In reverse osmosis, an applied pressure is used to overcome the osmotic pressure and push the water from high concentration of contaminants to low concentration of contaminants. This means it’s being forced in reverse and the contaminated water is trying to move into the pure water, but because it must pass through a filter first, the contaminants get trapped and only the pure water passes through; resulting in the cleanest possible drinking water – which is exactly what we want!

Reverse osmosis typically involves four stages of filtration: a sediment filter, pre-carbon block, reverse osmosis membrane, and post-carbon filter. The sediment filter removes the largest particles, like dirt, sand, and rust to prevent clogging of the subsequent filters. The pre-carbon filter uses activated carbon to prevent anything larger than a spec of flour from passing through as well as attracting and bonding with positively charged ions to prevent chemical compounds, like chlorine and chloramines, from passing through to the third filter. The reverse osmosis membrane then removes molecules heavier than water, such as sodium, high levels of lead, dissolved minerals, and fluoride. Finally, the post-carbon filter polishes the water.

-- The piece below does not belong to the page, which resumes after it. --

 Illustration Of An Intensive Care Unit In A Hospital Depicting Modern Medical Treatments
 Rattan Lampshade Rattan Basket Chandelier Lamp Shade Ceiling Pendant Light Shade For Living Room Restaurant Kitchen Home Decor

Reverse osmosis differs from carbon filtration in that it can rid the water of up to 99.9% of all contaminants and sediments, or particles as small as .001 micron, whereas carbon filtration can only remove particles as small as 1 micron. Your local tap water could be award-worthy clean when it leaves the municipal plant but as it travels miles from the plant to your glass it could pick up a host of contaminants or it may have a naturally high number of total dissolved solids (TDS) in the water, so it would be best to get a reverse osmosis filtration system to safeguard that your water is contaminant-free.